Energy Department’s Office of Electricity Delivery and Energy
Reliability, spoke at length about strategies to make the grid more
resilient."
I find that most of the time "renewable" is
code for solar and wind, although there are other renewable alternatives
(nuclear, landfill gas, OTEC, waste to energy, cogeneration, to name a few).
Getting people to switch from electric to propane for cooking,
water heating and clothes drying would save a lot of energy each year
even though propane may not be renewable.
I've posted enough on solar and wind that I won't go into why they are bad ideas again.
Whatever else they are and are not, they are NOT resilient. Not in the face of a hurricane.
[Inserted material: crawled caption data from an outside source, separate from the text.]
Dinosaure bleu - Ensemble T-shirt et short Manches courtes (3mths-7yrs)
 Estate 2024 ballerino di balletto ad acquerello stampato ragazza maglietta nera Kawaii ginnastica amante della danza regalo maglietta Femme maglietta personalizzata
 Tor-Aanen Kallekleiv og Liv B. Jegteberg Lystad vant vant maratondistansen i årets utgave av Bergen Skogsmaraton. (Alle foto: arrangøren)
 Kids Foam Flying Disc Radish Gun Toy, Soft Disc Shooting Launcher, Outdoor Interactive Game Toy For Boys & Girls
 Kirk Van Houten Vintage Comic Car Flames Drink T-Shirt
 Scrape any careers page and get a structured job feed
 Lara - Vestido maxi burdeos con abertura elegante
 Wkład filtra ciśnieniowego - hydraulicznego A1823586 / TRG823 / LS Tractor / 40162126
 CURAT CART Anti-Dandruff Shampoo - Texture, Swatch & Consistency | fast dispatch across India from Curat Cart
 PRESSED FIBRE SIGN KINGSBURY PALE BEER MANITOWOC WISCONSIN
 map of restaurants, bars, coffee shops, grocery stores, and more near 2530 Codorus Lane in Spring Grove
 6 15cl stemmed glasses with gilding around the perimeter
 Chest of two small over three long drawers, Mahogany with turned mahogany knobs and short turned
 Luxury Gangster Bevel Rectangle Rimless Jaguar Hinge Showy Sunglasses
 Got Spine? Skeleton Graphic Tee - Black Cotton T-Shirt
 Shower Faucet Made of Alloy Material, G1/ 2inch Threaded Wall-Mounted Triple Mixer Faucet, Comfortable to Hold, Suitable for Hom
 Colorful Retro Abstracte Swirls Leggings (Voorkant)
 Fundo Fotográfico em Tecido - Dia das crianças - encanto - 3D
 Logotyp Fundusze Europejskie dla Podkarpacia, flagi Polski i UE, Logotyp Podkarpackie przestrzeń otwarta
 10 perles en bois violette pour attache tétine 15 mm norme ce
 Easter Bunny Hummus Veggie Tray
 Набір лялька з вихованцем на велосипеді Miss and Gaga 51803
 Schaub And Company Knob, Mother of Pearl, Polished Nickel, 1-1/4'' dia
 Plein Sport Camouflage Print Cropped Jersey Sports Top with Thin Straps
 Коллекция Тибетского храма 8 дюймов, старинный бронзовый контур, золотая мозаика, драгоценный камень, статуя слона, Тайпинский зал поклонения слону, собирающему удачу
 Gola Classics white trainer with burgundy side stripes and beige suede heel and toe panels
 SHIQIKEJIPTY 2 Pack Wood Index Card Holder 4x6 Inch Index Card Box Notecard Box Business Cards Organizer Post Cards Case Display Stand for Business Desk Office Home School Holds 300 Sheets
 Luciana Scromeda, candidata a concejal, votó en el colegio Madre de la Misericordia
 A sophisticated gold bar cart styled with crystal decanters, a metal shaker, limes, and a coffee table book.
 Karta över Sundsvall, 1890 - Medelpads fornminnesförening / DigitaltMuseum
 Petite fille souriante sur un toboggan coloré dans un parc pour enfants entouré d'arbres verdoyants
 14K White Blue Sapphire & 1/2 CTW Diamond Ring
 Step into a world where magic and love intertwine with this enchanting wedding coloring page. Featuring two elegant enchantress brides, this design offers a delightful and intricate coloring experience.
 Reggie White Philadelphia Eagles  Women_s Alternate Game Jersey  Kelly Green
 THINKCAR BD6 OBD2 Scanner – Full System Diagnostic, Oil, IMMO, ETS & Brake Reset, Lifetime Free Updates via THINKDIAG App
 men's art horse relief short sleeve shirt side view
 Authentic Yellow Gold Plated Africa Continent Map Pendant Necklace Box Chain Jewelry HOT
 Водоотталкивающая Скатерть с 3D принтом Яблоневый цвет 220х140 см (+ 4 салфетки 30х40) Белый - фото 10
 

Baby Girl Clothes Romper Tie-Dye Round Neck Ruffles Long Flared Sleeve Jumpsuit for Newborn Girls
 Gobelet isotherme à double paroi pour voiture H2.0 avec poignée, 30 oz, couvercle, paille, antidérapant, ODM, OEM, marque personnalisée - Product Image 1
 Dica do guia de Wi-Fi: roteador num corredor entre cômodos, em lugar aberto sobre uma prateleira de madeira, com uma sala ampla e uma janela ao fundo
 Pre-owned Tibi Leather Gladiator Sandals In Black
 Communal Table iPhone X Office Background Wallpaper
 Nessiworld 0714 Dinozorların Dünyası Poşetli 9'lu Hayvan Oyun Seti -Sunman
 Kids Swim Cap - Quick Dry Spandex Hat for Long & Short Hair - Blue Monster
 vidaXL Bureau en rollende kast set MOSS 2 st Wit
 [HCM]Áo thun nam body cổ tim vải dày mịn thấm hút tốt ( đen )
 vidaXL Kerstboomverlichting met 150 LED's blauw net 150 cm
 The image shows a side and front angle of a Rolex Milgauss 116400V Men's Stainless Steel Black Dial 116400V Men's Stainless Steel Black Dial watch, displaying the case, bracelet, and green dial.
Yes, we need reliable, resilient, power. Yes, we need the power distributed around the island. It is ridiculous that Fajardo gets its power from PeƱuelas. Not just for resiliency but for the cost of transmitting that power all that distance. We need a large number of smaller, 100-500MW plants, perhaps even smaller than 100MW widely distributed.
Many manufacturing plants would like to build microgrids and there is no reason why they can't do it safely and effectively.
Except PREPA:
“We have not been able to do that in the past because typically Prepa
protects its invoices. We are the biggest invoice. They may be concerned
about this kind of threat,” he [Rodrigo Masses] said.
Longer term, I am hoping to see some of these small, package, nuclear power plants in PR in the next 5 years. Now that would be resilient AND renewable. They can put the first one in my backyard at Roosevelt Roads.
I won't feel threatened at all. But perhaps that is because I know something about the safety of nuclear power.